Toutes les routes mènent à Rome, dit-on. L'une d'elles en repartait aussi : la Via Appia, la reine des voies romaines, s'achevait ici après cinq cent soixante kilomètres, au sommet d'un escalier dominant le bassin intérieur de Brindisi. Un fût de marbre y marque toujours le point final. Faire escale dans ce port du talon de la botte italienne, c'est poser le pied à l'endroit exact où l'Empire s'embarquait pour l'Orient.

Arriver par la rade

Les navires accostent au quai de Costa Morena, dans l'avant-port, à deux ou trois kilomètres du centre. Des navettes assurent la liaison avec le cœur de la cité; en quelques minutes, on passe des installations portuaires au front de mer bordé de palmiers du Lungomare Regina Margherita, où la vie brindisienne s'écoule entre kiosques, pêcheurs et promeneurs. La rade, presque fermée, donne à l'endroit des allures de grand lac tranquille : les traversiers pour la Grèce et l'Albanie y croisent les barques locales, perpétuant une vocation de passage vieille de plus de deux millénaires.

La colonne au bout de la voie

Depuis le front de mer, un escalier monumental grimpe vers la colonne romaine, haute d'environ dix-neuf mètres, qui signalait aux navigateurs l'aboutissement de la Via Appia. Elles étaient deux à l'origine : sa jumelle s'est effondrée en 1528 et ses tronçons furent offerts à la ville voisine de Lecce. Du pied du monument, le regard embrasse toute la rade intérieure, ce mouillage naturel en forme de tête de cerf qui fit la fortune du lieu dès l'Antiquité : son nom antique, Brundisium, viendrait d'ailleurs d'un mot messapien désignant cette silhouette de cervidé. Virgile, de retour de Grèce, mourut dans une maison voisine en l'an 19 avant notre ère; une plaque le rappelle sobrement.

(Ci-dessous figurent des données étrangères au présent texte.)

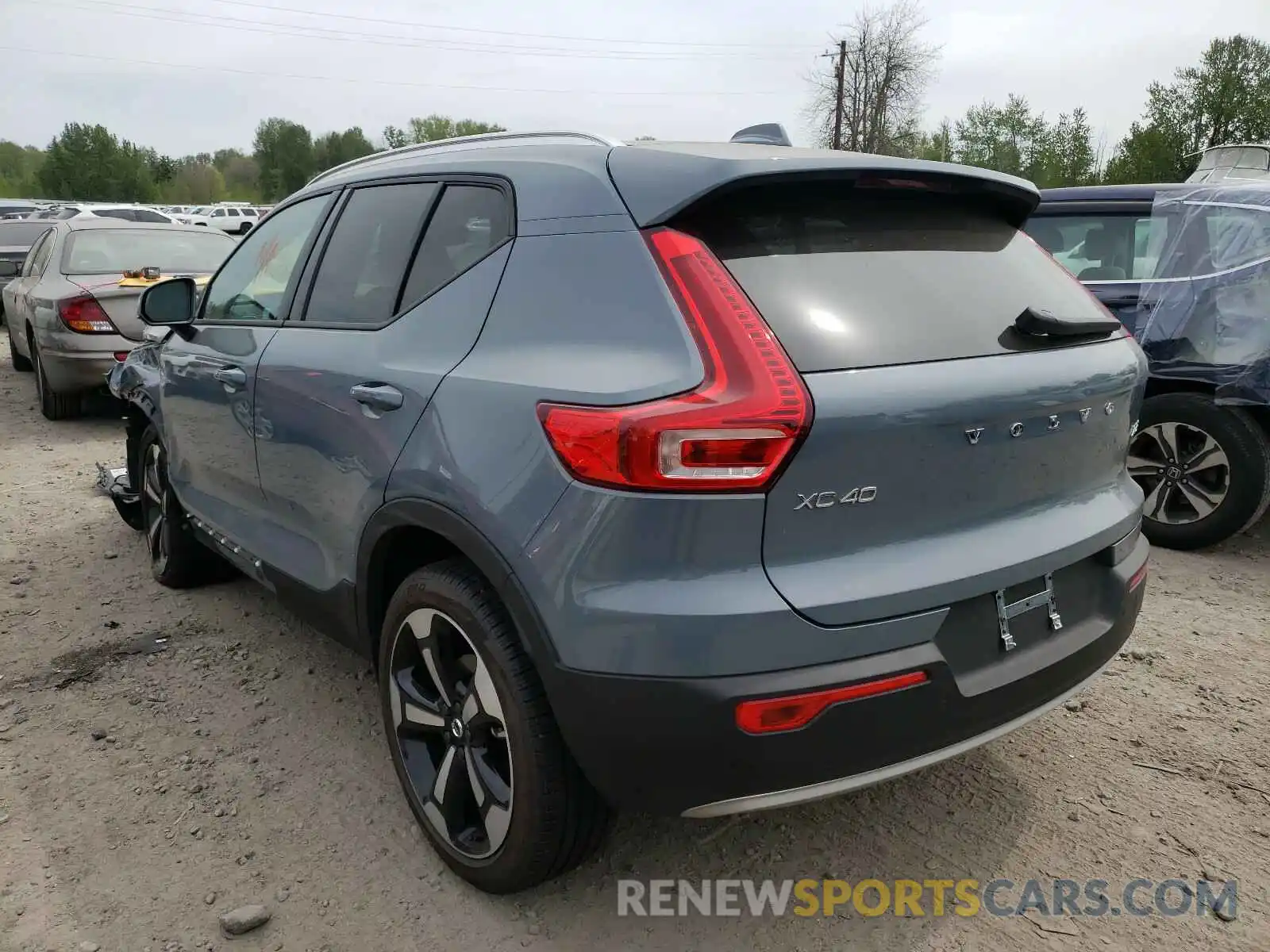 3 Photograph of a damaged car YV4162UK8M2445085 VOLVO XC40 2021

Ruelles blanches et pierres anciennes

Derrière la colonne, le centre historique déroule ses venelles claires jusqu'à la cathédrale, fondée au XIe siècle puis relevée après le tremblement de terre de 1743. Sur la même place, le musée archéologique Ribezzo expose les bronzes repêchés dans les eaux voisines. Quelques rues plus loin, le temple San Giovanni al Sepolcro intrigue avec son plan circulaire hérité des ordres de croisade : l'intérieur, sombre et dépouillé, garde des fragments de fresques médiévales. C'est un quartier qui se parcourt sans plan précis, entre boutiques d'artisans, églises romanes et petites places où les anciens refont le monde à l'ombre.

Le château de Frédéric II

Côté ouest du bassin, le Castello Svevo veille sur les eaux depuis le XIIIe siècle. L'empereur Frédéric II de Souabe le fit élever pour protéger ce mouillage stratégique, et ses successeurs aragonais l'épaissirent encore. La forteresse, longtemps domaine militaire, se découvre surtout de l'extérieur, massive et rougeoyante au soleil couchant, image parfaite de la vocation guerrière et maritime de la cité.

Une pause à l'italienne

Avant de redescendre vers la navette, les terrasses du centre servent les spécialités des Pouilles : orecchiette aux cime di rapa, burrata crémeuse, poissons grillés du jour et vins rouges charpentés de la région, Primitivo ou Negroamaro. Un café en fin de repas, pris debout au comptoir, complète l'exercice de style local. Ceux qui disposent d'une longue journée peuvent aussi rejoindre en excursion Lecce la baroque ou Ostuni la blanche, à moins d'une heure de route; mais Brindisi elle-même, trop souvent traversée sans un regard, récompense largement ceux qui lui consacrent leurs heures à quai.

Larguer les amarres vers l'Orient

En quittant la rade, le navire suit exactement la route des galères impériales, des croisés et des pèlerins qui s'élançaient d'ici vers Jérusalem ou Constantinople. Le vieux marbre rapetisse sur son escalier, dernier jalon de la voie Appienne. On comprend alors que Brindisi n'est pas une fin de parcours : depuis deux mille ans, c'est un commencement.